TMI, Baby. Tee. Em. Eye. By Which I Mean to Warn Family Members That They Might Want to Stop Reading Right Now, Unless They Want to Know About the Health of My Sexual Appetite.

If the scientists are to be believed, which I'm not so sure that they are, because I am suspicious of most perceived authority figures, I think I am experiencing the beginning of my sexual peak, (which I'm pretty sure is being fomented by the fact that I am not drunk so much of the time anymore).

Is this sexual peak business really a thing? I mean, I've been hearing about this whole men-peak-at-17/women-peak-at-35 thing for years, but I always thought it was a bit of a myth until recently when I started gathering completely anecdotal evidence using no scientific method whatsoever.

Over the last two or three weeks, I've been noticing that other human beings are totally sexy. Not all of them, mind you, because the majority of human beings are actually kind of gross. It's not that I am terribly judgmental, but if you imagine touching the pink parts of most of the members of humanity, you end up feeling like you need to douse yourself in a vat of hand sanitizer. Still, though, I am noticing that more than the usual number of human beings are doing it for me in a making-me-feel-funny-in-my-pants kind of way.

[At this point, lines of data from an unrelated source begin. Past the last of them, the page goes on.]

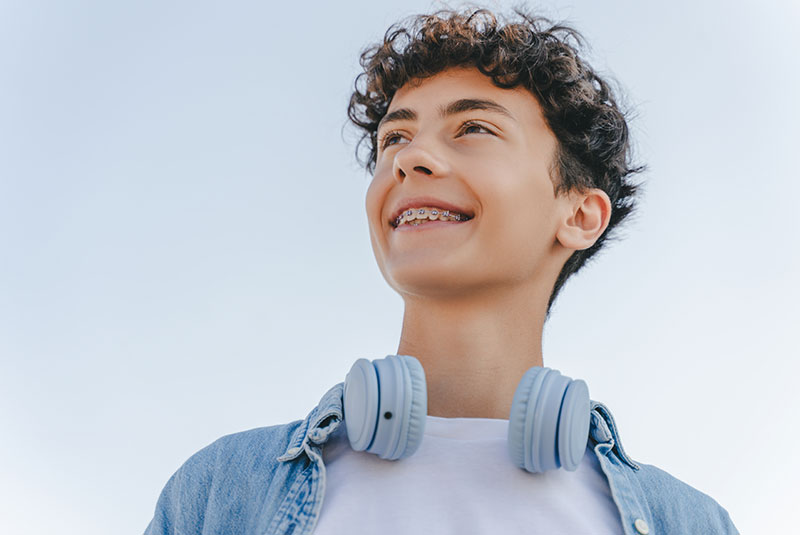 smiling curly haired teenager with braces wearing headphones looking away standing on the street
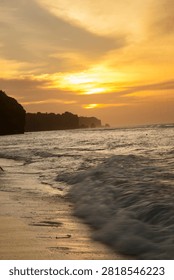 Dramatic twilight sky over the ocean horizon during sunset at a rocky beach coast in Bali.
Stunning dramatic red and orange sunset sky over the ocean horizon in Bali, Indonesia.
Beautiful tropical golden hour sunset view from a coastal cliff overlooking the sea waves.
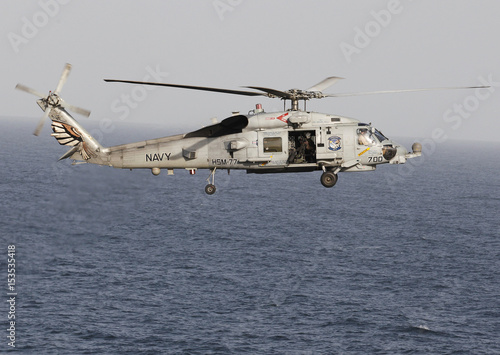 A Sikorsky Sh 60 Seahawk Helicopter Flies Near The Nimitz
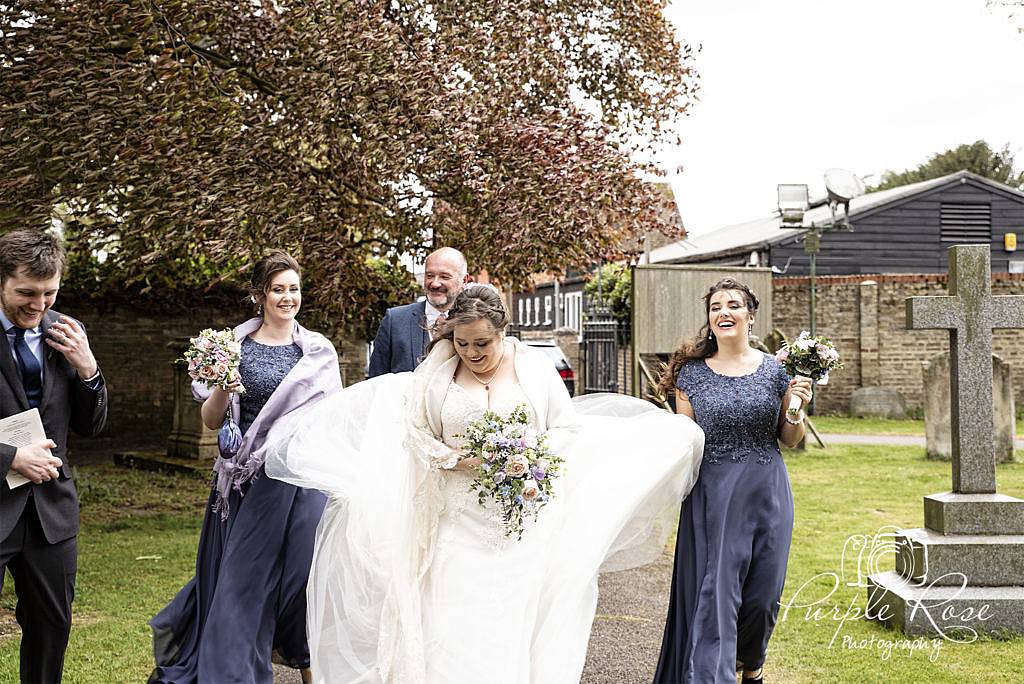 Bridal party walking to the church on a windy morning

It's confusing.

I'll be walking through a mall or strolling down the street to the local 7-11, and I'll look up and think Damn but those pants are TIGHT!, and, again, not in a judgy way, like they need fashion advice, but in a making-me-feel-funny-in-my-pants kind of way, even though the person I'm looking at is in skinny jeans and a douchey pair of 1980s-style oversized glasses and is probably fifteen years my junior, and I look more like their mom now than at any other point in my life.

It's not just that hipsters do it for me, either, thank god. It's people aged 20 and up. It's fat people, thin people, tall people, short people, dark people, and light people. Basically, if you're a person and breathing and look like you have most of your teeth, you might show up on my radar. It's a good thing that I'm monogamously married and like it, because otherwise I might totally leave a sweaty wake of sluttiness behind me and start stalking Mickey Rourke.

When this first started happening, I thought The cancer must be back, because everything is possibly the result of pressure from a tumor, don't you know – headaches, having to pee, a pain in my ankle, and now, obviously, sexual excitement – but I'm starting to think that it's really just a good old healthy sex drive doing its best to get me impregnated before I decline into my golden years.

My body's kind of an idiot in that it has never really figured out that it perambulates free of the encumbrance of a uterus. Fool.

This ramped up sex drive hasn't actually culminated into my putting in much overtime when it comes to copulation just yet, but it wouldn't be difficult to persuade me in that direction. I think my new level of interest is still festering in its teenage boy phase where I'm walking around hiding my raging boner behind a textbook and trying to figure out why I feel so funny all the time.

If this continues, the Palinode is going to be one very lucky man. A lot.